Activity =
Return the data below exactly, minus the pictures.

Dataset section =
■ ■ ■ ■ ■

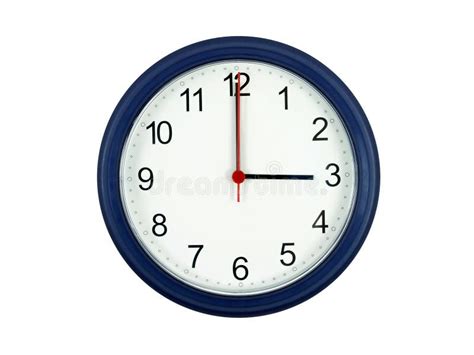 Clock Showing 3 O Clock Stock Image Image Of Object Hand 305387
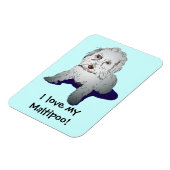 Maltipoo Niedlich Puppy Magnet (Linke Seite)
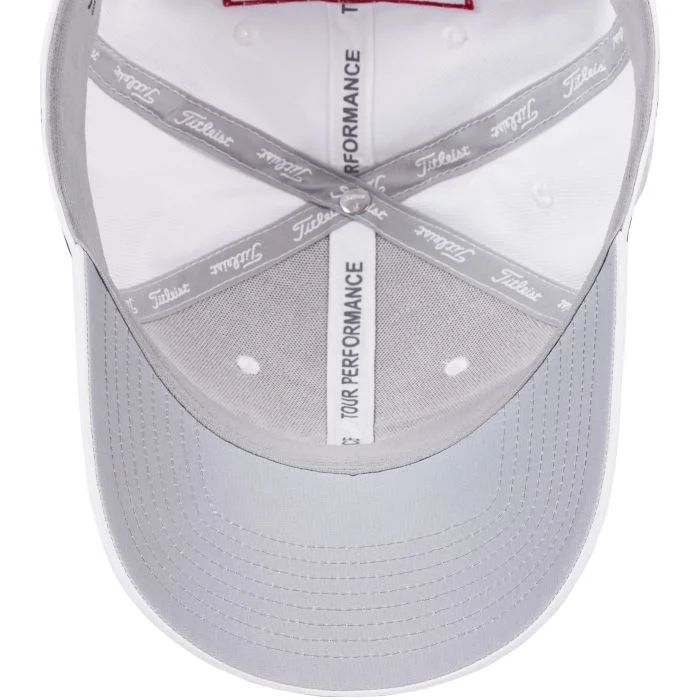 Titliest Tour Performance Golf Hat - White/Black - Image 2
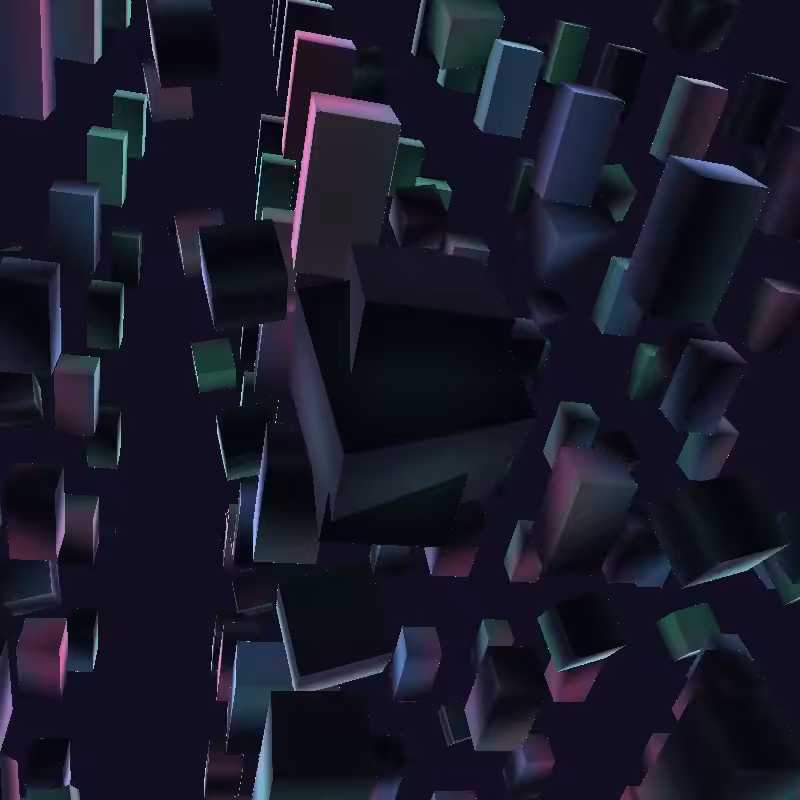 Whiskered Swarm in Void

■ ■ ■ ■ ■

Finished exercise =
 Clock Showing 3 O Clock Stock Image Image Of Object Hand 305387
 Maltipoo Niedlich Puppy Magnet (Linke Seite)
 Titliest Tour Performance Golf Hat - White/Black - Image 2
 Whiskered Swarm in Void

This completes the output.